To exit the virtual environment, simply run

$ exit

and to re-activate it,

$ poetry shell

Activating the environment requires that our current working directory is set to be the DESDEO directory with the source code. The command poetry shell will not re-create the virtual environment if it already exists, only reactivate it.

Typical Git workflow for contributing to DESDEO

This section outlines the standard process for contributing to DESDEO using Git and GitHub. This workflow assumes that we have a GitHub account. If this is not the case, we should create one at GitHub first. The workflow involves forking the DESDEO repository, cloning our fork of the repository to our local machine, making changes, and then submitting these changes as a pull request.

Forking the DESDEO repository

A fork is a copy of a repository that we manage and that is a completely separate entity from the original repository, which is often referred to as the upstream. Forking a repository allows us to freely experiment with changes without affecting the original project.

To fork a repository:

  • Visit the DESDEO GitHub repository.
  • In the top-right corner of the page, click the Fork button.
  • This action creates a copy of the DESDEO repository in your GitHub account.
  • To ensure we are working on a fork, the url to our repository should be of the form https://github.com/ourusername/DESDEO. We might have a different name for the forked repository if we chose one when making the fork.

Cloning the fork

To work on our fork on a local machine, we need to clone it first. Cloning creates a local copy of our fork. In practice, it downloads the repository and its history to our machine.

To clone our fork:

  • On GitHub, we navigate to our fork of the DESDEO repository.
  • Above the file list, there should be a green button labeled "Code". Clicking the button should reveal a smaller window. We should select the "SSH" tab and copy the given url.
  • In a terminal, we then navigate to where we want to place the local repository.
  • Then we clone the fork using the command:
$ cd ~/workspace # (1)!
$ git clone <URL-of-the-fork>
$ cd DESDEO
  1. workspace is just a directory where we want to store the directory containing our fork. this is just an example, we can use any directory we want.

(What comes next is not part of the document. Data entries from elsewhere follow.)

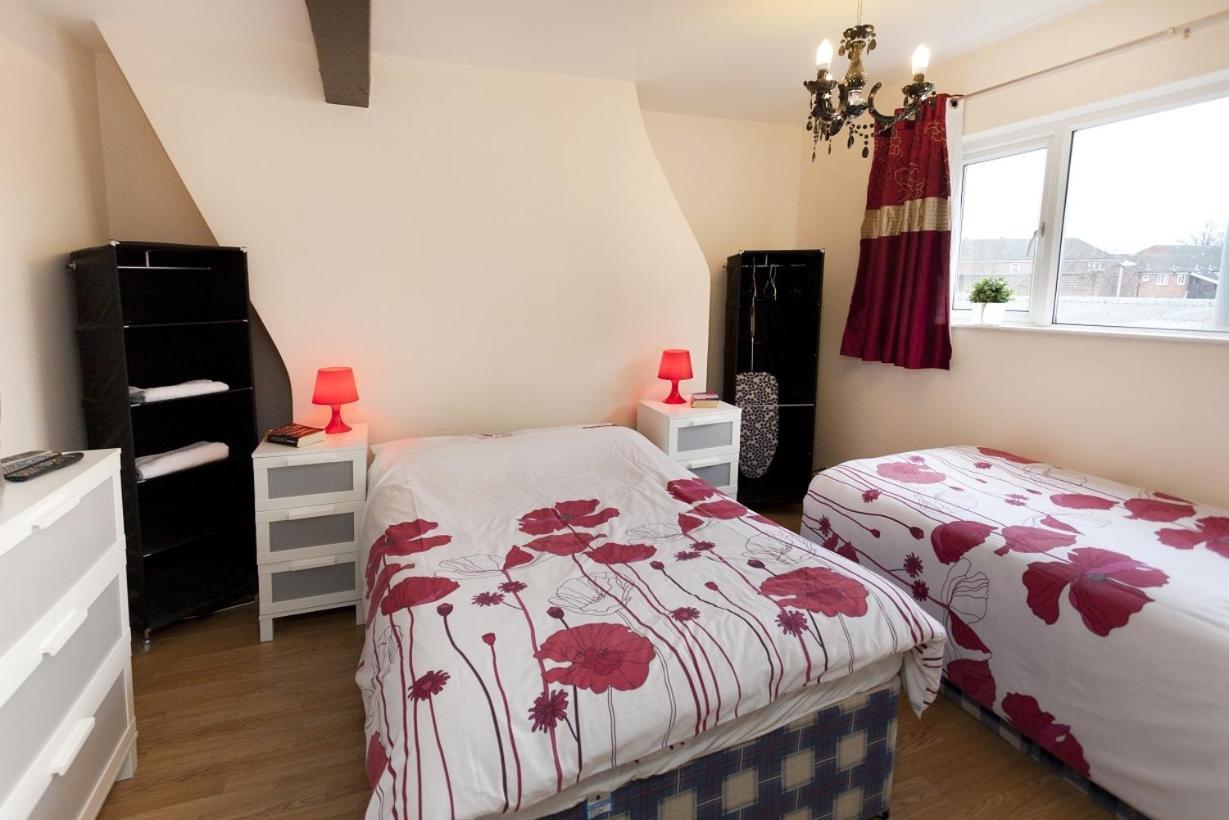 Emporium Apartments - Nottingham City Centre - Your Own Apartment With 3 Bathrooms And Full Kitchen Opposite Victoria Centre Shopping Centre - Cook As You Would At Home - Outdoor Parking For Cars Or Vans At Five Pounds A Day 객실 사진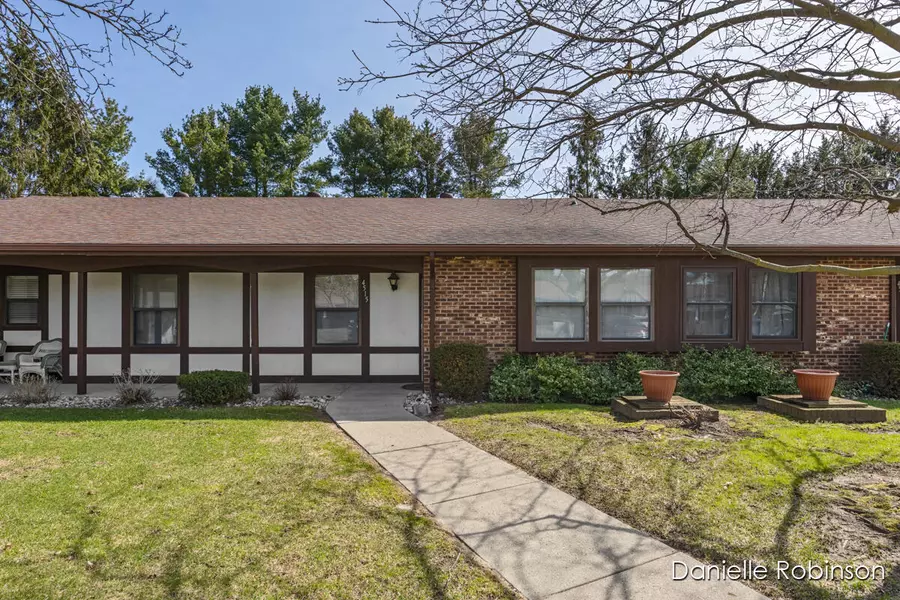 4515 Bekinshire NW Drive, Comstock Park, MI 49321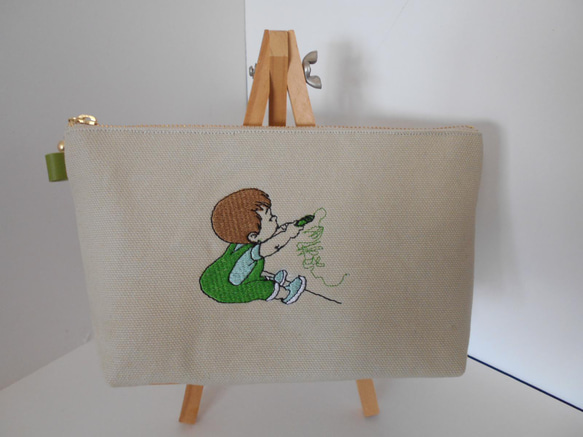 お絵かきしている男の子刺繍のたっぷり入る帆布のペンケース グリーン 1枚目の画像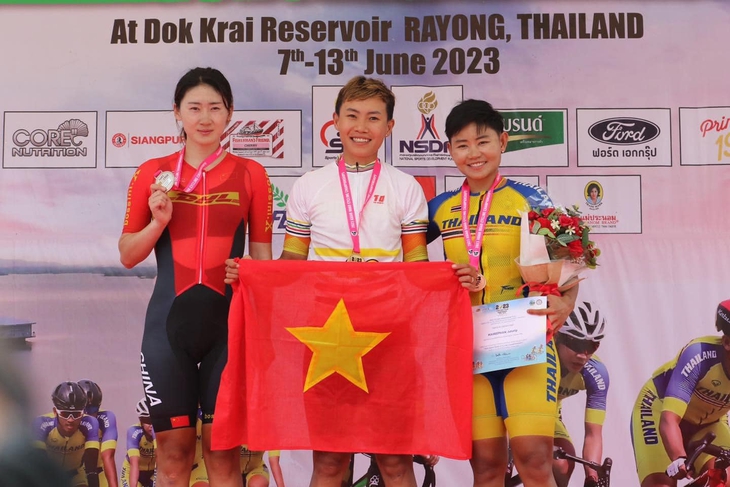 Nguyễn Thị Thật giành HCV châu Á, sáng cửa giành vé đầu tiên dự Olympic Paris 2024 - Ảnh 1. Nguyễn Thị Thật giành HCV châu Á, sáng cửa giành vé đầu tiên dự Olympic Paris 2024 - Ảnh 1.
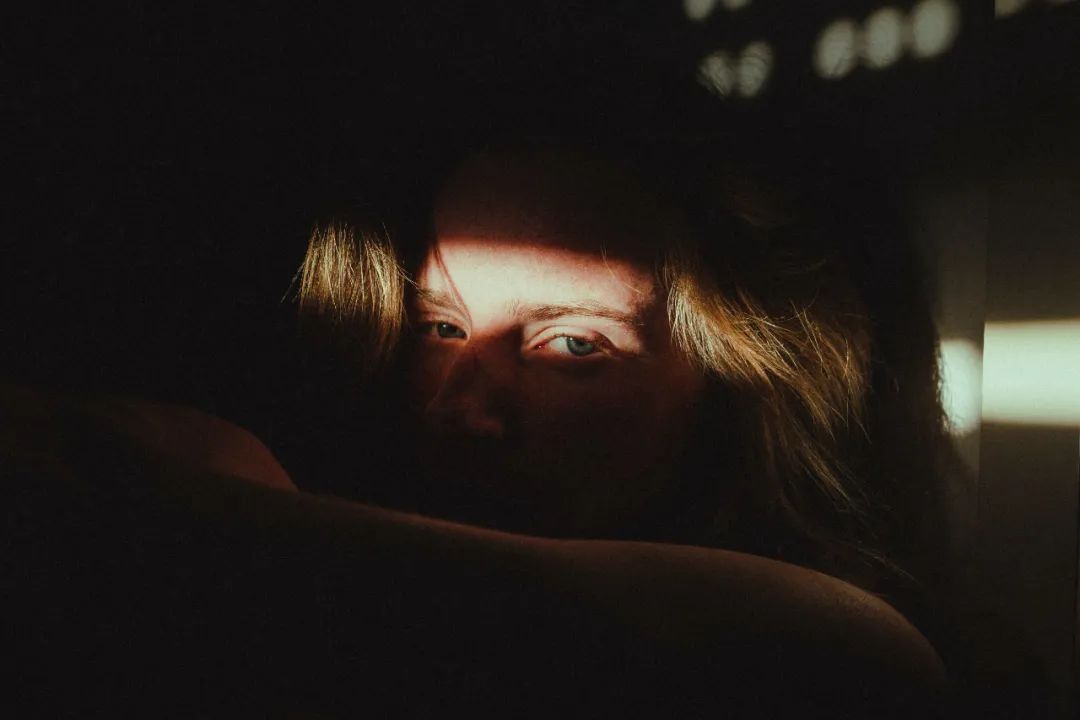 一名性侵幸存者的自白：童年那场“游戏”，成为我一生的噩梦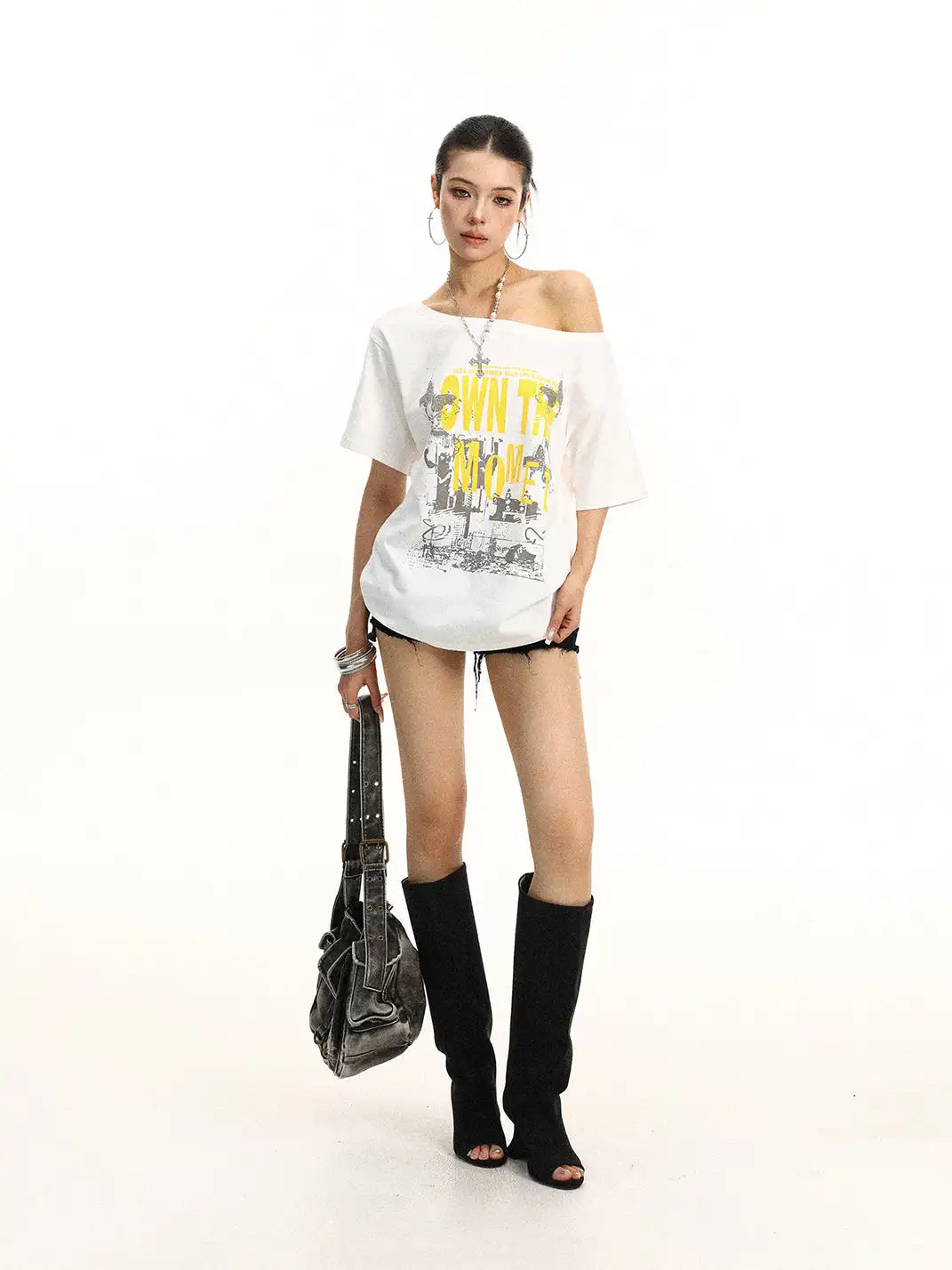 BIGGOLD | Graffiti Letter Print Off-Shoulder T-Shirt
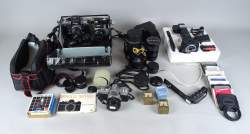 Collection : Lot d'appareils photos et accessoires dont NIKON F2 , PENTAX Asahi spotmatic , MINOLTA srt100 , objectifs , SOLIGOR macro zoom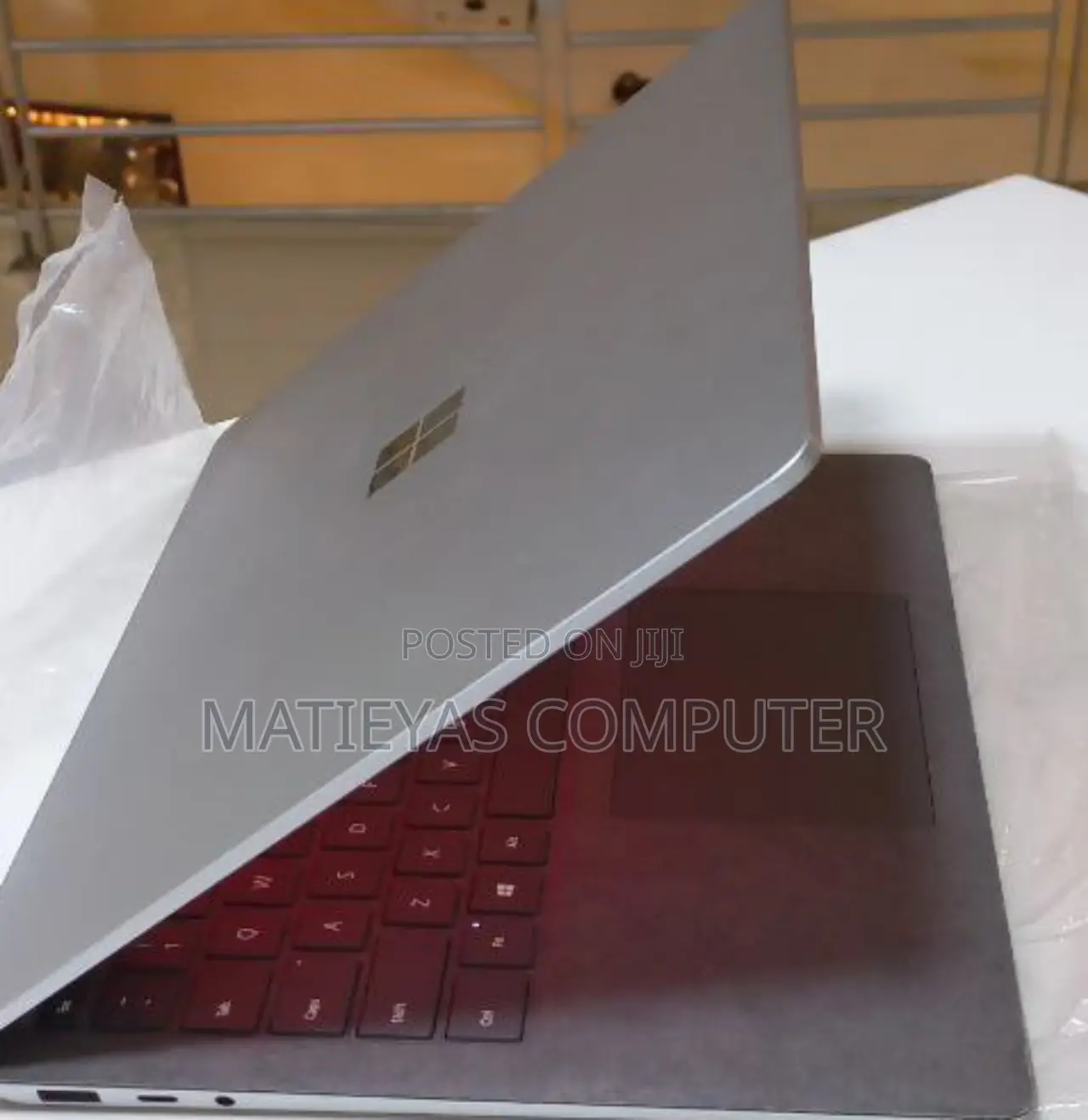 New Laptop Microsoft Surface 16GB Intel Core I7 SSD 512GB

It is highly recommended to use the SSH url. This requires setting up a SSH key pair on our local machine and uploading the public key to GitHub. This info box gives further details on the process.

Setting the upstream repository

It is beneficial that we periodically check the upstream, e.g., the original repository of DESDEO for changes, and update our fork. This ensures that our local version of DESDEO is up to date with new changes, and allows us to fix any potential conflicts between the two versions as they emerge.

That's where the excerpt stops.